Study: Parents are monitoring teens online activity, but teens don't believe it

Snapchat - (Photo by Carl Court/Getty Images); Instagram - (Photo by Carl Court/Getty Images); Facebook - (Photo by Carl Court/Getty Images); Twitter - (Photo by Bethany Clarke/Getty Images)

More than a quarter of parents use some sort of a device to monitor their teen kids’ online usage. And the majority of teens don’t believe it.

An online survey conducted by Common Sense Media and SurveyMonkey compiled information from 884 teens ages 14-17 and 3,282 parents of teens.
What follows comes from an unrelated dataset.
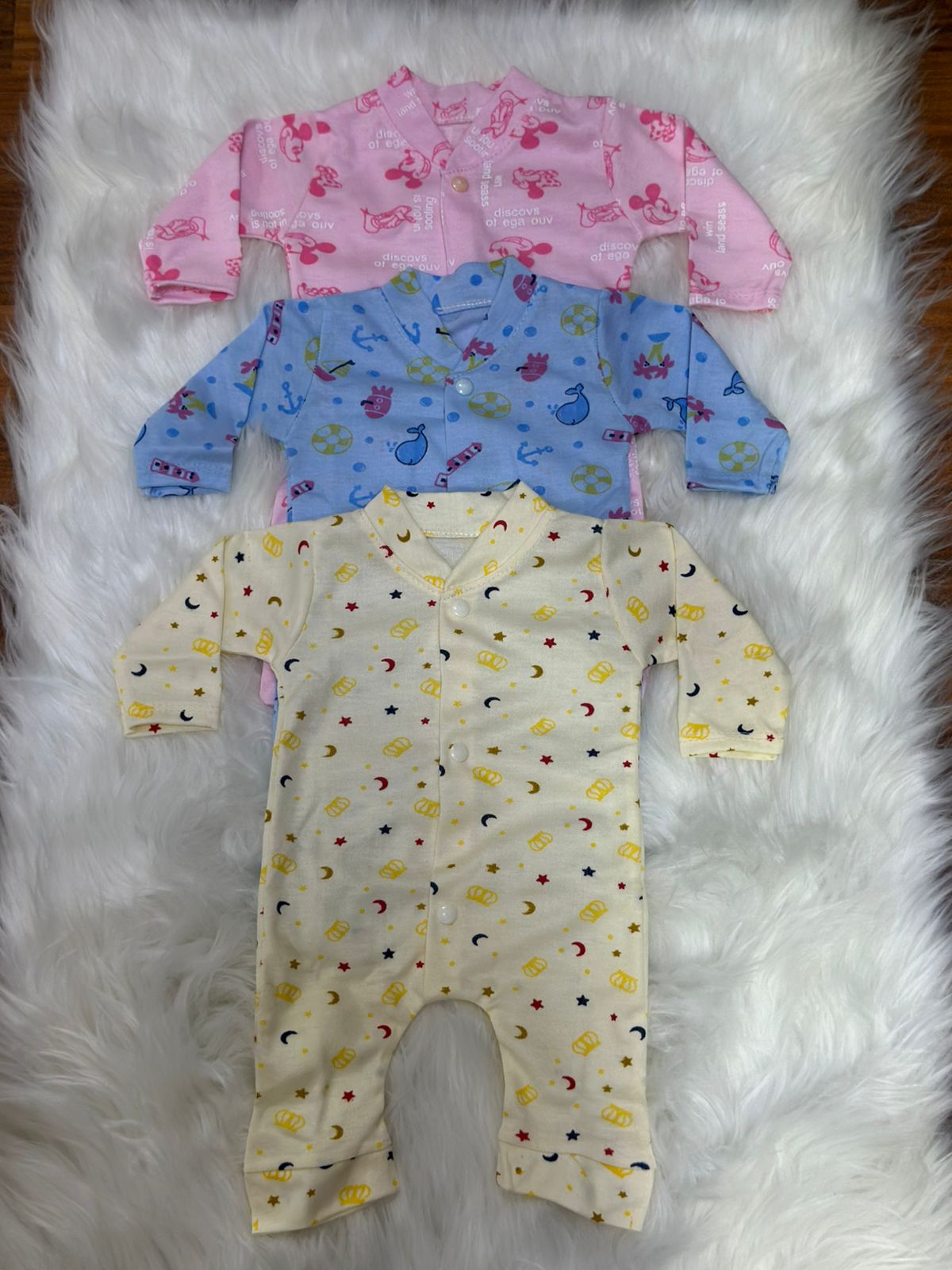 3 Pcs Newborn Romper Set –  Printed Designs | 0–2 Months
More than half of parents with teens report that they are “extremely” or “very aware” of what their kids are doing online.

Just 15 percent of teens actually believe that their parents monitor their social media usage, while 26 percent of parents say they track, follow and check in with their teens. 

"There’s a pretty big difference between parents who say they know and what kids say parents know," said Michael Robb, director of research for Common Sense Media, according to USA Today.

Routers can be used as a tool to monitor what websites are being visited and there are apps that allow parents to access call longs and text message records. 

"You have to really ask yourself what you think you’re going to learn by covertly monitoring your kid," said Devorah Hunter, author of Screenwise: Helping Kids Thrive (and Survive) In Their Digital World, courtesy of USA Today. "What’s your plan of action if you see something that concerns you?"

Snapchat is the app parents are most worried about. Whether this is due to photos and videos lasting just seconds, or the disappearing message history, was not included in the study. Nevertheless, the numbers were far higher than Facebook. Twenty-nine percent of parents are concerned about their teens Snapchat usage while just 16 percent were worried about Facebook.

Snapchat and Instagram engagement for teens has surpassed Facebook and Twitter. Three-quarters of teens use Instagram and Snapchat, while only half use Facebook and Twitter. 

What teen children are doing online is not a concern, though, for all parents. Twenty percent say “no apps and websites are concerning.”